:: Your instructions ::
Give back exactly the lines from the one that holds "创业海盗·知乎带货躺赚计划正式起航2.0,图文自媒体运营写作变现-虚拟资源库" through the final line of the data; omit the pictures and add nothing.

Web page caption snippets
"""

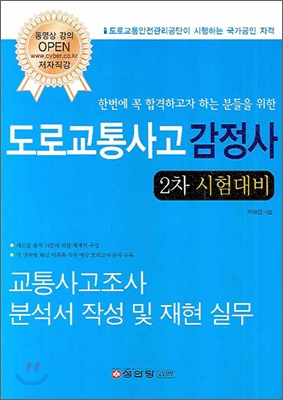 도로교통사고감정사 2차 시험대비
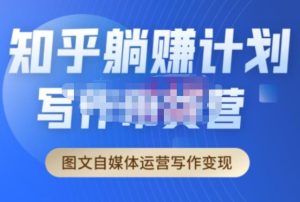 创业海盗·知乎带货躺赚计划正式起航2.0,图文自媒体运营写作变现-虚拟资源库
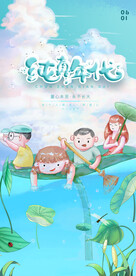 儿童海报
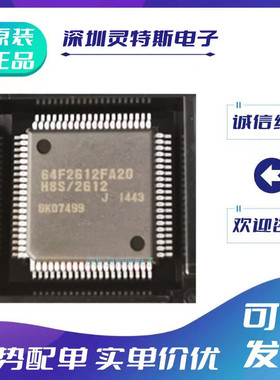 HD64F2128\HD64F2132\HD64F2134\2138\2612\FA\BFA20V\AFA20V\20J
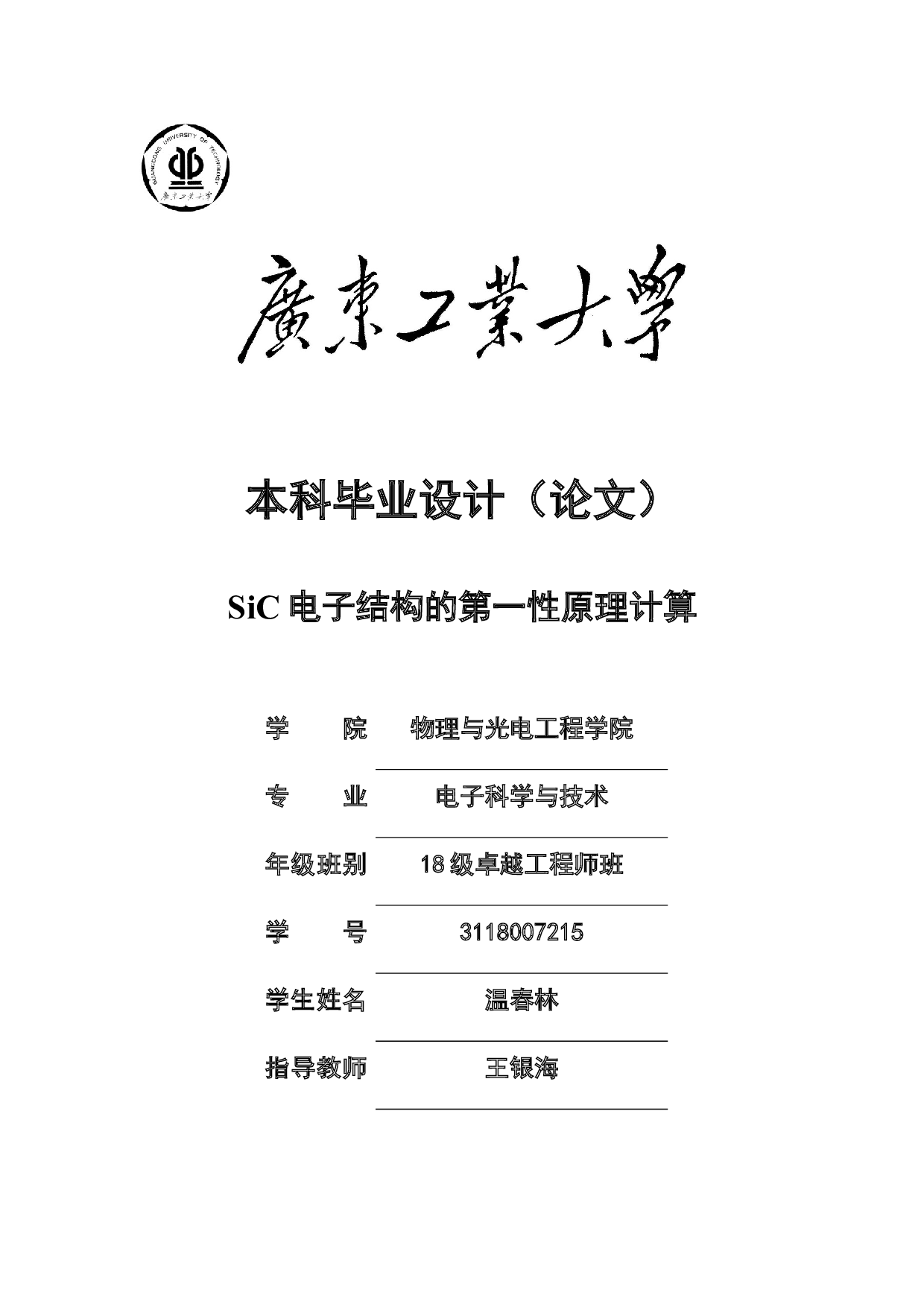 SiC电子结构的第一性原理计算-13313字.docx 第1页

"""

:: Reply ::
 创业海盗·知乎带货躺赚计划正式起航2.0,图文自媒体运营写作变现-虚拟资源库
 儿童海报
 HD64F2128\HD64F2132\HD64F2134\2138\2612\FA\BFA20V\AFA20V\20J
 SiC电子结构的第一性原理计算-13313字.docx 第1页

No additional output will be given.